Pomerium using Docker

In the following quick-start, we'll create a minimal but complete environment for running Pomerium with containers.

Prerequisites

• A configured identity provider
• Docker and docker-compose
• TLS certificates

Configure

Configuration file

Create a configuration file (e.g config.yaml) for defining Pomerium's configuration settings, routes, and access-policies.

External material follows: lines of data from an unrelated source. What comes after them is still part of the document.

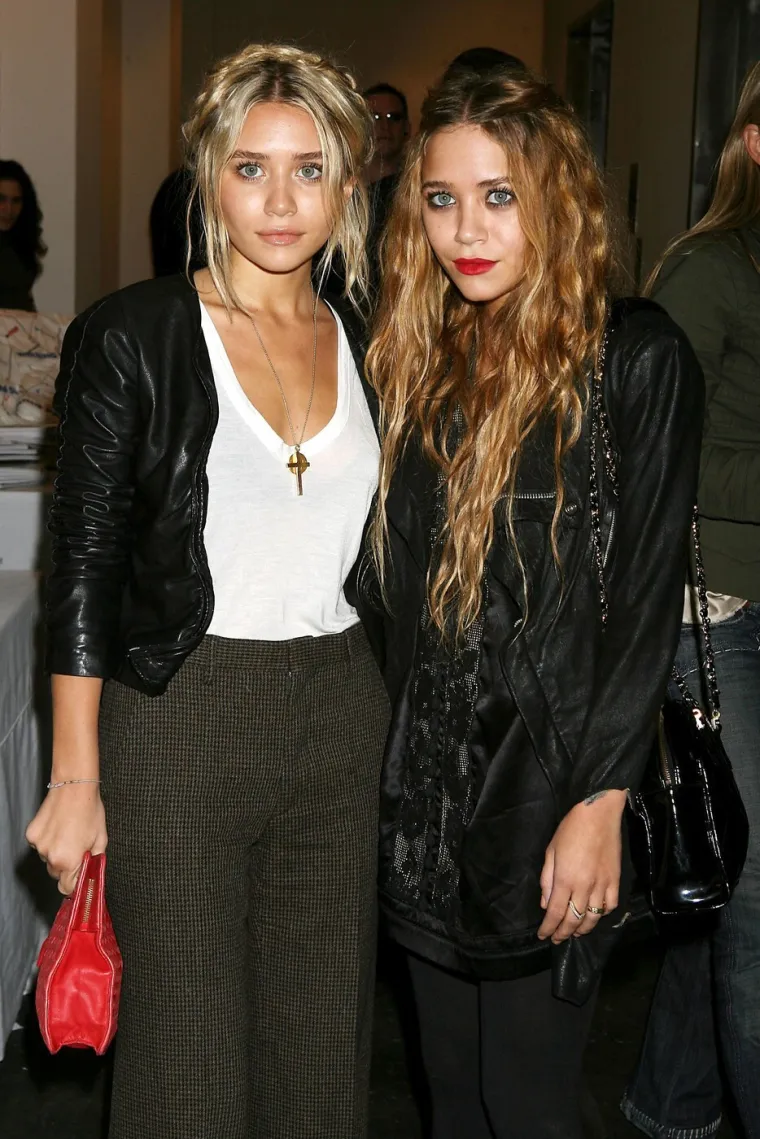 Borba s anoreksijom, pritisak slave... Gdje su danas najpopularnije blizanke na svijetu?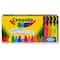 Crayola&#xAE; Ultimate Washable Sidewalk Chalk 64 Color Set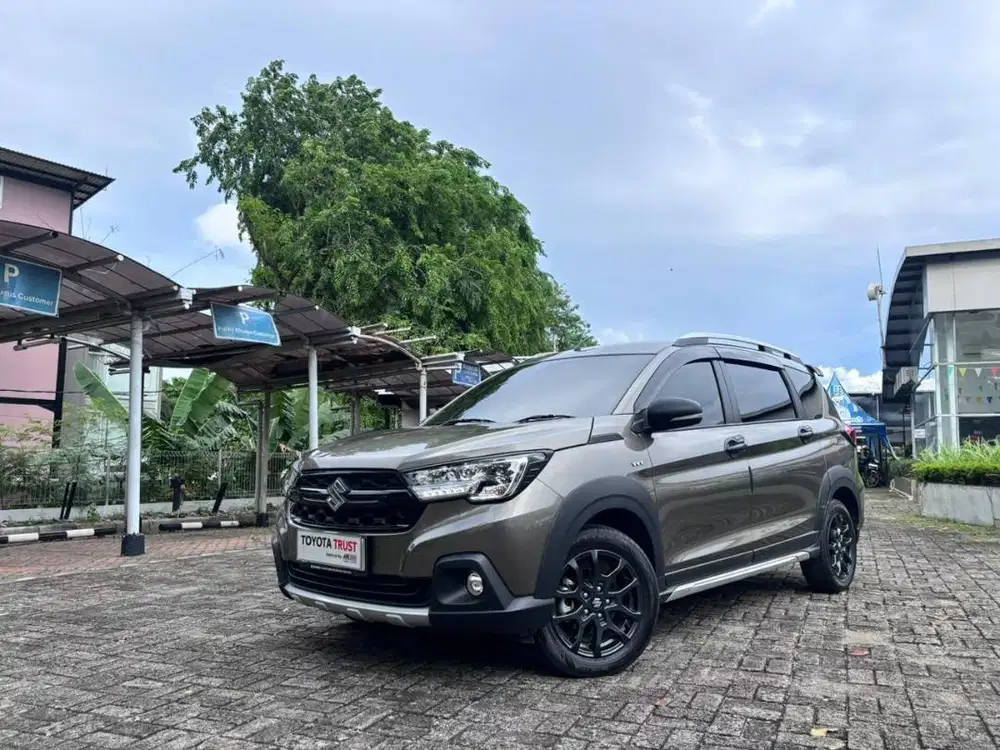 [LIKE NEW] Suzuki XL7 Beta Hybrid 2024 Matic istimewa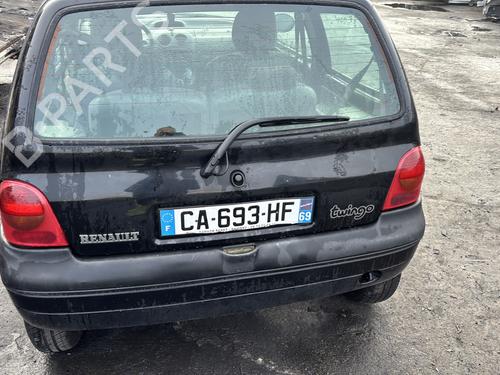 Used Parts RENAULT TWINGO I (C06_) 1.2 16V (C060) (60 hp) 4390107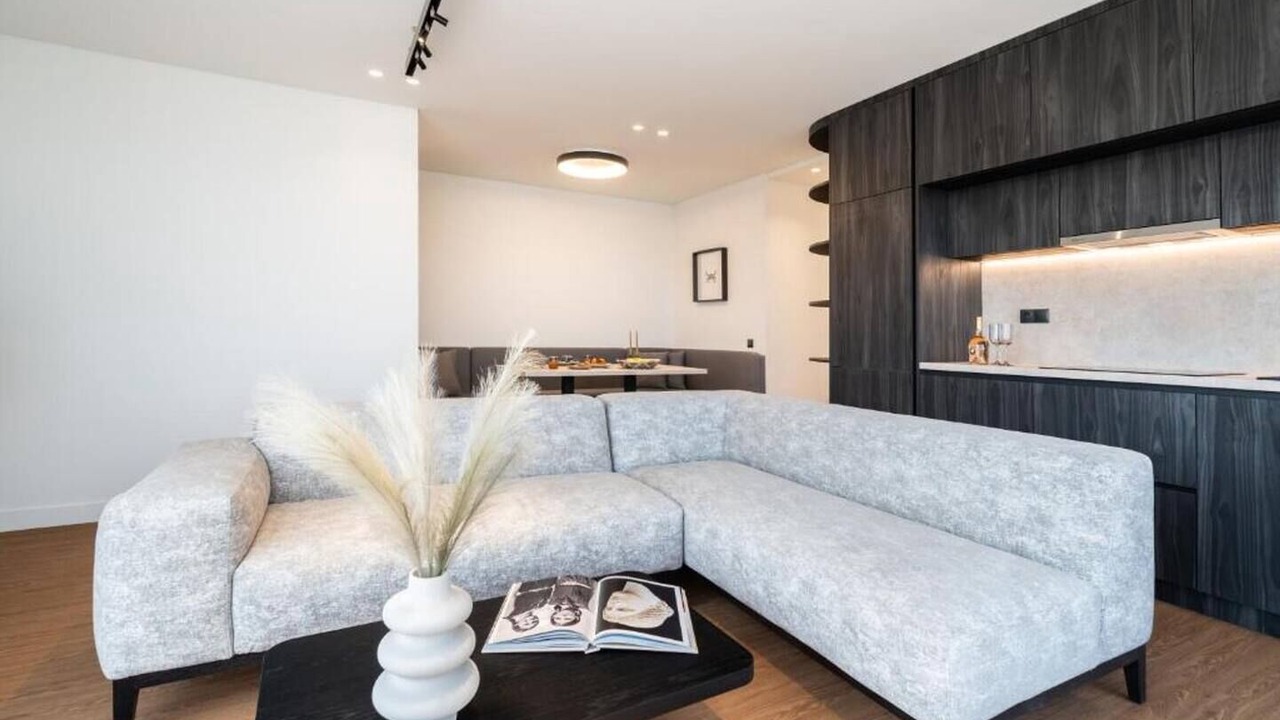 Photo of Livingroom in Glyfada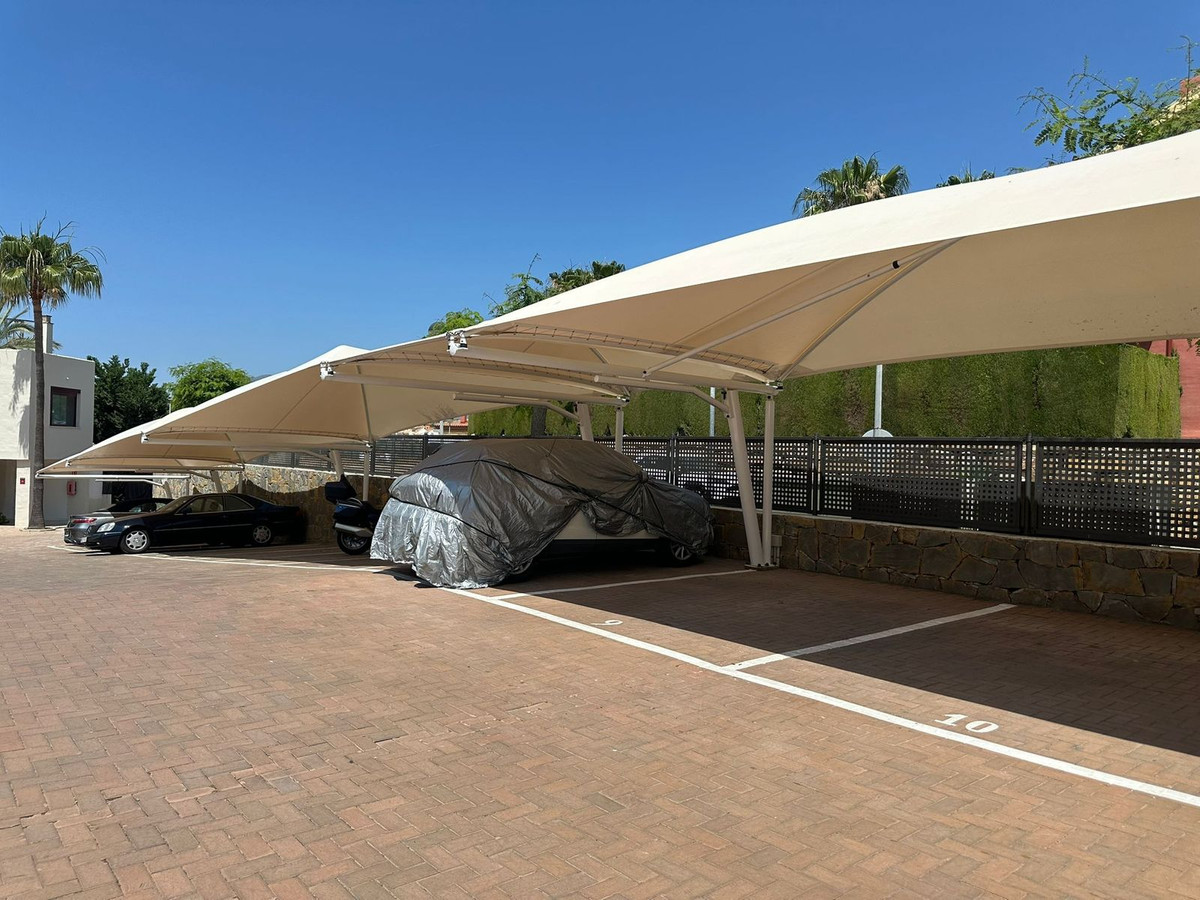 Huis te koop in Cancelada | 3 slaapkamers H5069701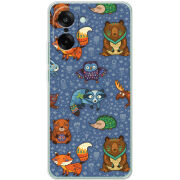 Чохол BoxFace OnePlus Ace 5 Racing 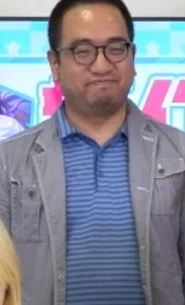 Horie, Taku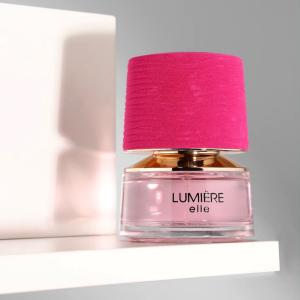 Elle Lumière ✨(Perfume árabe)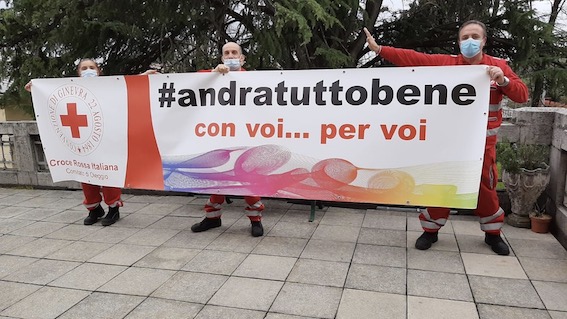 cri oleggio tutto bene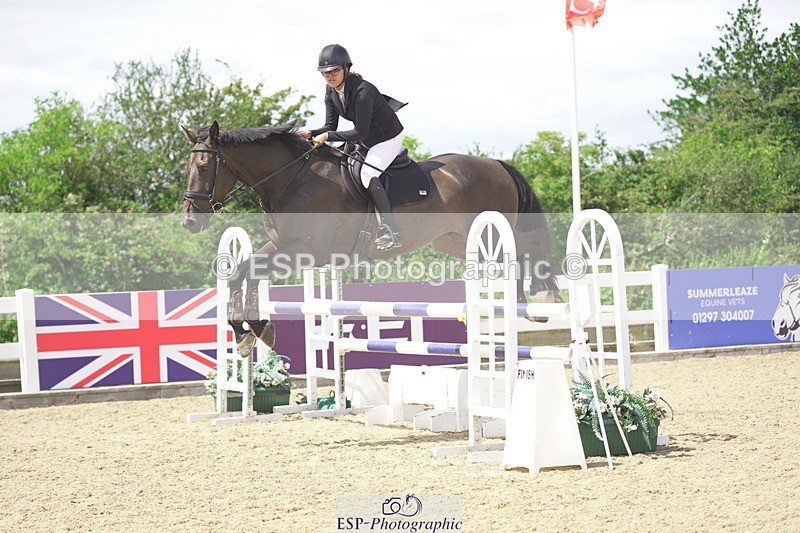 230729A-134724-06437 - Cls 23 95cm Amateur Quali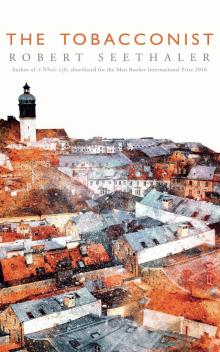 The Tobacconist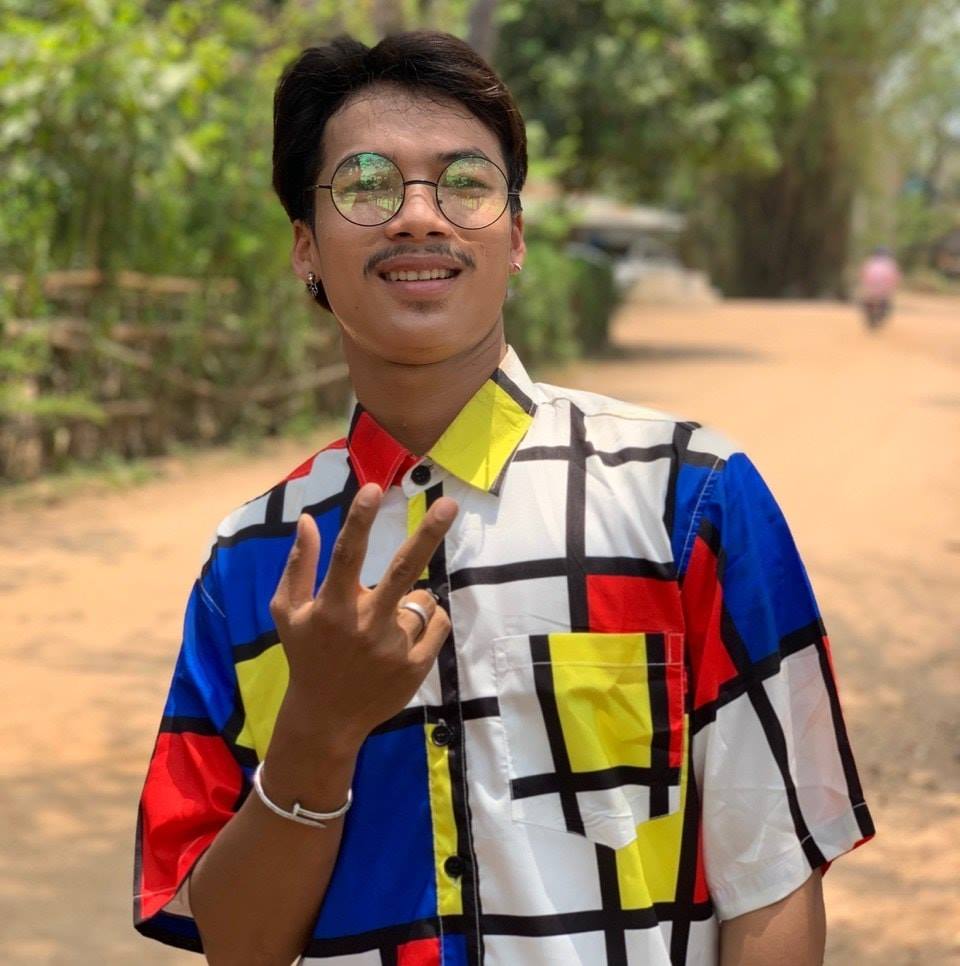ពេជ្រ យ៉ាណូ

Consider the following example:

# See detailed configuration settings : https://www.pomerium.io/docs/reference/reference/

# this is the domain the identity provider will callback after a user authenticates
authenticate_service_url: https://authenticate.localhost.pomerium.io

# certificate settings:  https://www.pomerium.io/docs/reference/certificates.html
autocert: true

# REMOVE FOR PRODUCTION
autocert_use_staging: true

# identity provider settings : https://www.pomerium.io/docs/identity-providers.html
idp_provider: google
idp_client_id: REPLACE_ME
idp_client_secret: REPLACE_ME

# Generate 256 bit random keys  e.g. `head -c32 /dev/urandom | base64`
cookie_secret: WwMtDXWaRDMBQCylle8OJ+w4kLIDIGd8W3cB4/zFFtg=

# https://www.pomerium.io/configuration/#policy
policy:
  - from: https://httpbin.localhost.pomerium.io
    to: https://httpbin.org
    allowed_users:
      - bdd@pomerium.io

Ensure the docker-compose.yml contains the correct path to your config.yaml.

Autocert Docker-compose

Ensure you have set up the requisite DNS and port forwarding in TLS certificates

Download the following docker-compose.yml file and modify it to:

• generate new secrets
• mount your TLS certificates
• mount your config.yaml configuration file
• Set autocert_use_staging to false once you have finished testing

version: "3"
services:
  pomerium:
    image: pomerium/pomerium:latest
    environment:
      # Generate new secret keys. e.g. `head -c32 /dev/urandom | base64`
      - COOKIE_SECRET=V2JBZk0zWGtsL29UcFUvWjVDWWQ2UHExNXJ0b2VhcDI=
    volumes:
      # Use a volume to store ACME certificates
      - pomerium:/data:rw
    ports:
      - 443:443

  # https://httpbin.corp.beyondperimeter.com --> Pomerium --> http://httpbin
  httpbin:
    image: kennethreitz/httpbin:latest
    expose:
      - 80

Please note that you should use a persistent volume to store certificate data, or you may exhaust your domain quota on Let's Encrypt.

Wildcard Docker-compose

Download the following docker-compose.yml file and modify it to:

• generate new secrets
• mount your TLS certificates
• mount your config.yaml configuration file

version: "3"
services:
  pomerium:
    image: pomerium/pomerium:latest
    environment:
      # Generate new secret keys. e.g. `head -c32 /dev/urandom | base64`
      - COOKIE_SECRET=V2JBZk0zWGtsL29UcFUvWjVDWWQ2UHExNXJ0b2VhcDI=
    volumes:
      # Mount your domain's certificates : https://www.pomerium.io/docs/reference/certificates
      - ~/.acme.sh/*.corp.beyondperimeter.com_ecc/fullchain.cer:/pomerium/cert.pem:ro
      - ~/.acme.sh/*.corp.beyondperimeter.com_ecc/*.corp.beyondperimeter.com.key:/pomerium/privkey.pem:ro
      # Mount your config file : https://www.pomerium.io/docs/reference/reference/
      - ../config/config.minimal.yaml:/pomerium/config.yaml:ro
    ports:
      - 443:443

  # https://httpbin.corp.beyondperimeter.com --> Pomerium --> http://httpbin
  httpbin:
    image: kennethreitz/httpbin:latest
    expose:
      - 80

Run

Finally, simply run docker compose.

docker-compose up

Docker will automatically download the required container images for Pomerium and httpbin. Then, Pomerium will run with the configuration details set in the previous steps.

You should now be able access to the routes (e.g. https://httpbin.corp.yourdomain.example) as specified in your policy file.

You can also navigate to the special pomerium endpoint httpbin.corp.yourdomain.example/.pomerium/ to see your current user details.